Execution Engines
An execution engine is a technology/library used by SDLB to transform data. SDLB supports different execution engines and is able to combine different execution engines in the same data pipeline / job. The data structure used to transport data between DataObjects and Actions is called a SubFeed. Each Execution Engine has Subfeeds, Actions and Dataobjects associated with it.
Currently SDLB supports the following execution engines:
Category | Execution Engine | SubFeed Name | Description | Supported Actions | Supported DataObjects |
---|---|---|---|---|---|
Java-Byte-Stream | File Engine | FileSubFeed | Transfer Byte-Streams without further knowledge about their content | FileTransferAction, CustomFileAction | all HadoopFileDataObjects, WebserviceFileDataObject, SFtpFileDataObject |
Generic DataFrame API | Spark Engine | SparkSubFeed | Transform data with Spark DataFrame API | CopyAction, CustomDataFrameAction, DeduplicateAction, HistorizeAction | all Hadoop/SparkFileDataObject, AccessTableDataObject, AirbyteDataObject, CustomDfDataObject, DeltaLakeTableDataObject, HiveTableDataObject, JdbcTableDataObject, JmsDataObject, KafkaTopicDataObject, SnowflakeTableDataObject, SplunkDataObject, TickTockHiveTableDataObject |
Generic DataFrame API | Snowflake-Snowpark Engine | SnowparkSubFeed | Transform data within Snowflake with Snowpark DataFrame API | CopyAction, CustomDataFrameAction, DeduplicateAction, (HistorizeAction) | SnowflakeTableDataObject |
Script | Script Engine | ScriptSubFeed | Coordinate script task execution and notify DataObjects about script results | No public implementation for now | all DataObjects |
Connecting different execution engines
In order to build a data pipeline using different execution engines, you need a DataObject that supports both execution engines as interface, so that one execution engine can write the data in the DataObject and the other one can read from it.

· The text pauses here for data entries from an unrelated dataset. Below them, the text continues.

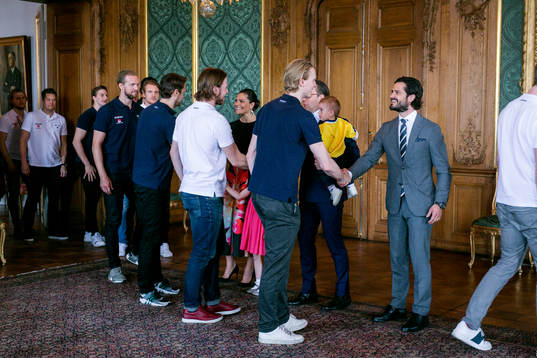 Sveriges guldlag i Ishockey träffar Kronprinsessan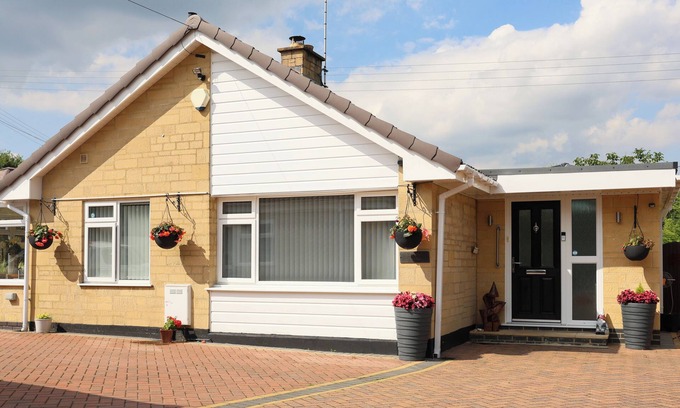 Pitchcombe Cottage | HOWARD COTTAGE, pet friendly, with a garden in Offenham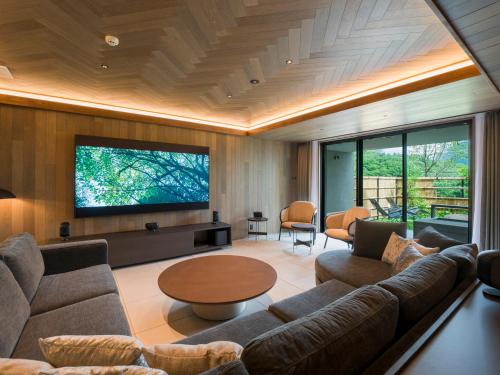 TV a/nebo společenská místnost v ubytování Rakuten STAY TERRACE Hakone Kowakudani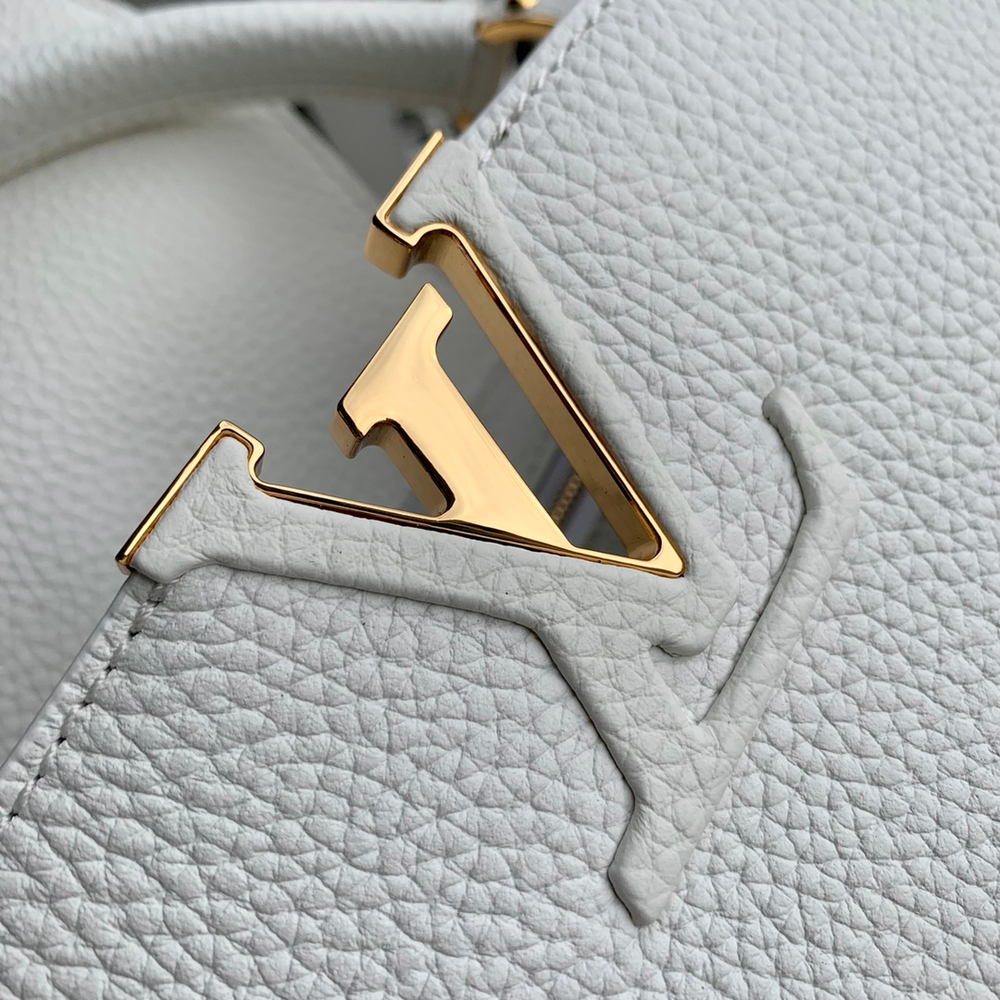 Louis Vuitton Capucines Mini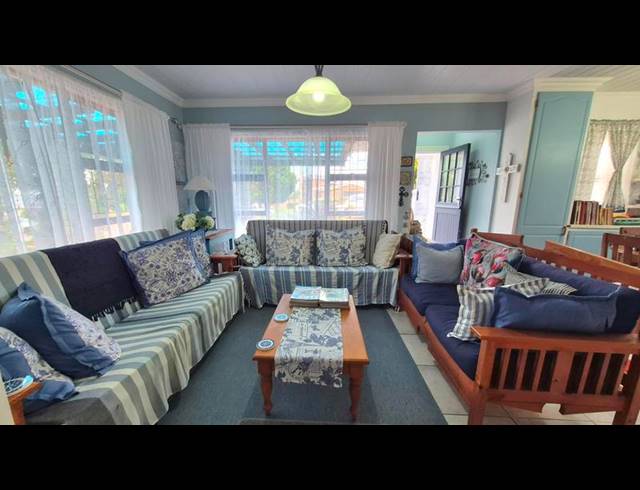4 BEDROOM HOUSE FOR SALE IN HARTENBOS HEUWELS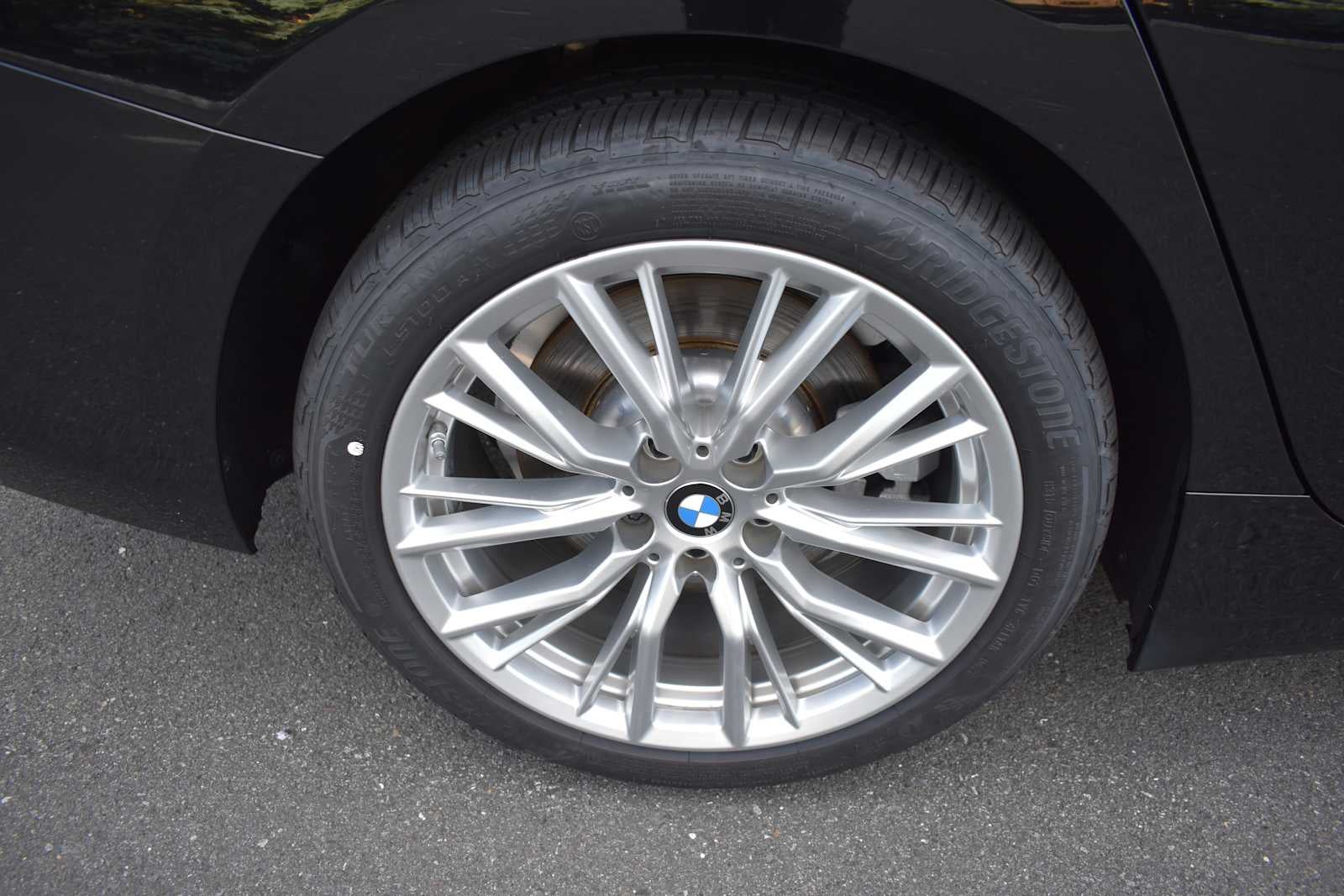 2023 BMW 3 Series 330i xDrive Sedan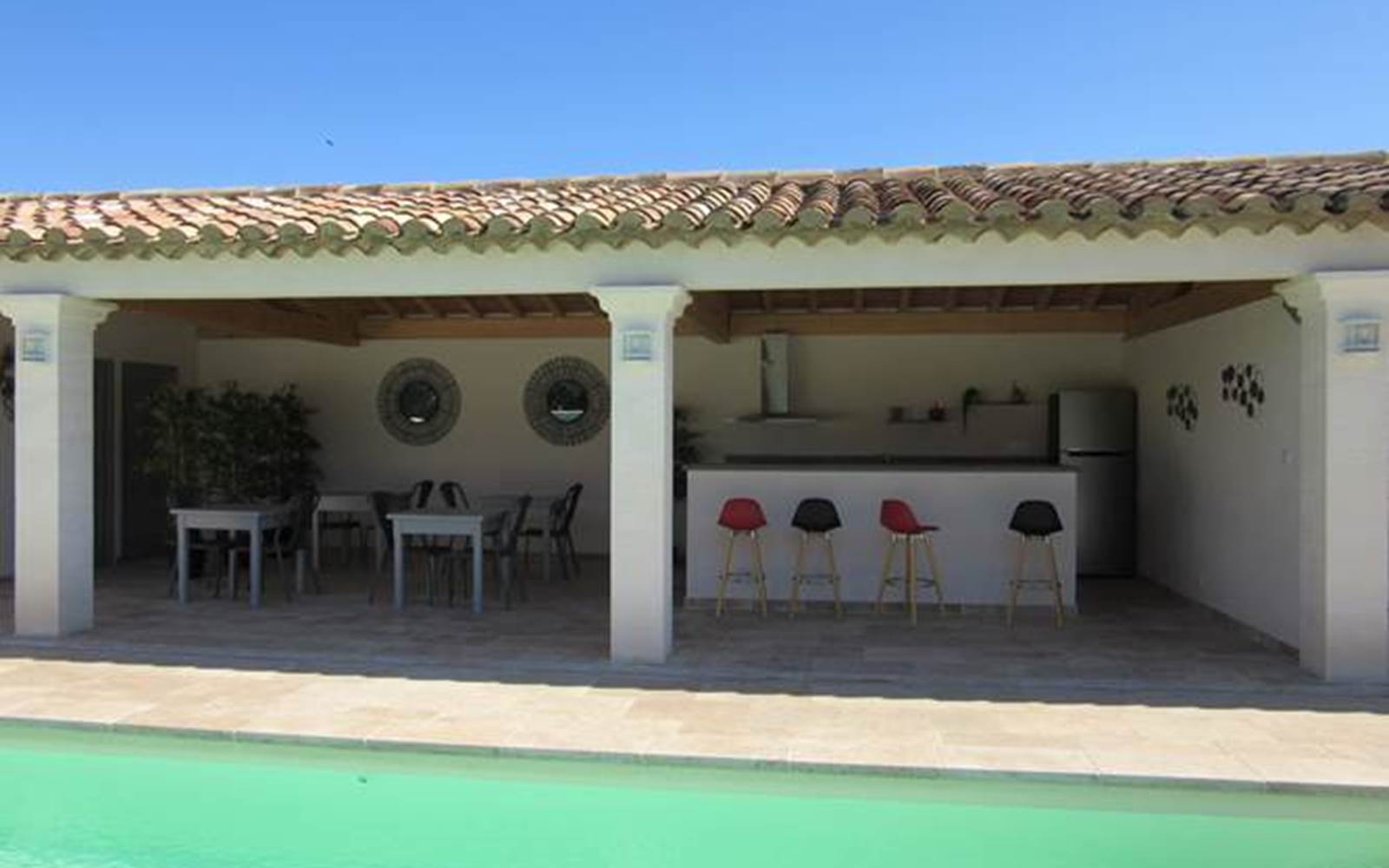 POOL HOUSSE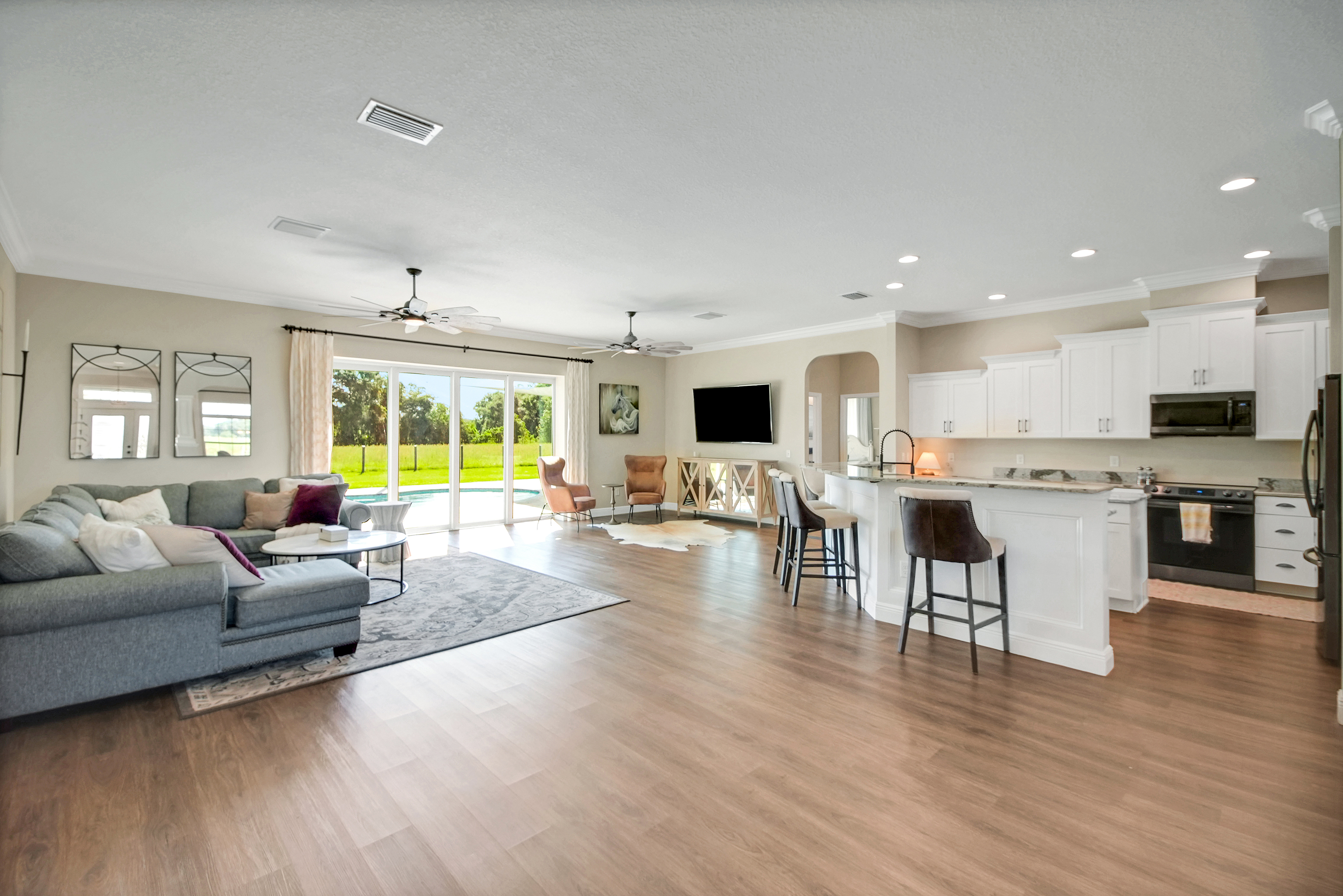 Oxford, Florida, 34484, United States, 4 Bedrooms Bedrooms, ,3 BathroomsBathrooms,Residential,For Sale,1983578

- from FileSubFeed to SparkSubFeed (and vice-versa): any Hadoop/SparkFileDataObject like ParquetFileDataObject
- from SparkSubFeed to SnowparkSubFeed (and vice-versa): SnowflakeTableDataObject
- from ScriptSubFeed to any (and vice-versa): every DataObject is suitable
Schema propagation
Note that a schema can only be propagated within a data pipeline for consecutive actions running with an execution engine of category "Generic DataFrame API". Whenever such an Action has an input from a different category, the schema is read again from the DataObject.
SDLB is able to convert schemas between different execution engines of category "Generic DataFrame API", e.g. Spark and Snowpark.
Determining execution engine to use in "Generic DataFrame API" Actions
A "Generic DataFrame API" Action can run with different execution engines like Spark or Snowpark. It determines the execution engine to use in Init-phase by checking the supported types of inputs, outputs and transformations. The first common type is chosen. If there is no common type an exception is thrown. To check which execution engine was chosen, look for logs like the following:
INFO CustomDataFrameAction - (Action~...) selected subFeedType SparkSubFeed
Execution Engines vs Execution Environments
As mentioned in Architecture, SDLB is first and foremost a Java (Scala) application. It can run in any Execution Environment where you can install a JVM, executing Actions with any of its Execution Engines. SDLB chooses the Execution Engines for your data pipeline independently from the Execution Environment that SDLB lives in. For example: Let's say you run SDLB in a distributed fashion on a Spark Cluster using spark-submit. If one of your Actions only has SnowflakeTableDataObjects as input and output, SDLB will run it using the Snowpark-Engine. In practice, this means that SDLB will connect to the Snowflake Environment from inside your Spark-Cluster and then execute your Action from there using Snowpark's Java/Scala Library.
Of course, the Execution Environment you have influences the DataObjects that you have at your disposal: for instance, if you want to connect to Snowflake, you need a Snowflake account and be able to connect to Snowflake. But the Execution Environment does not determine the Execution Engines SDLB will use - your DataObjects, Actions and Transformations do.